Efficacy and Safety of VB-1953 Topical Gel in Non-Responder Acne Patients with Clindamycin-Resistant Cutibacterium acnes.

BACKGROUND AND OBJECTIVES

The emergence of resistant strains of Cutibacterium acnes can limit the efficacy of currently approved antibiotics for acne. VB-1953 is a next-generation antibiotic that exerts a bactericidal effect on resistant C. acnes. In this study, we investigated the safety, tolerability, and efficacy of VB-1953 topical gel in patients with moderate to severe acne having clindamycin-resistant C. acnes.

METHODS

An investigator-initiated, open label, single-arm clinical study was conducted in patients with moderate to severe facial acne vulgaris showing poor or no response to previous clindamycin treatment. Nineteen subjects were enrolled in the study based on laboratory screening for the presence of clindamycin-resistant C. acnes in acne swab samples collected from patients. VB-1953 2% gel was applied on the entire face twice daily over 12 weeks. The primary efficacy endpoints were absolute changes in inflammatory and noninflammatory lesion counts from baseline at week 12, while the secondary efficacy endpoint was the proportion of subjects achieving Investigator Global Assessment success (score of 0 or 1) or a grade 2 or higher improvement from baseline at week 12. The presence and severity of local skin reactions (erythema, edema, scaling/dryness, burning/stinging, pruritus) were evaluated for safety.
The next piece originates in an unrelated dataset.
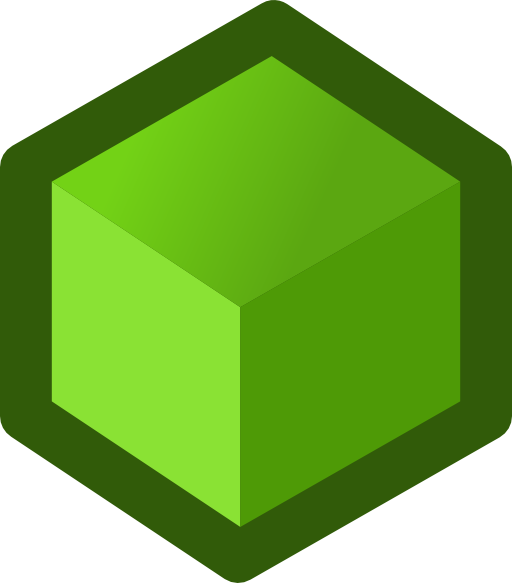 Icon Cube Green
Additionally, the detection and quantification of drug-resistant C. acnes strains were performed in the laboratory using acne swab samples collected from patients.

RESULTS

The occurrence of treatment-emergent adverse events or changes in vital signs, physical examinations, and urinalysis for any of the patients during the course of the entire study were clinically insignificant. Topical application of 2% VB-1953 topical gel resulted in a significant reduction of mean absolute inflammatory and noninflammatory lesion counts by 53.1% and 52.2%, respectively (p < 0.0001 for both), with an Investigator Global Assessment success of 26.3% at week 12 compared with baseline. Resistant bacteria were reduced by (94.3 ± 1%; p < 0.05) within 12 weeks of treatment with VB-1953.

CONCLUSION

These results indicate that VB-1953 topical gel can be a safe and effective therapy for moderate to severe acne with underlying resistant C. acnes in subjects who had not responded to previous antibiotic treatments.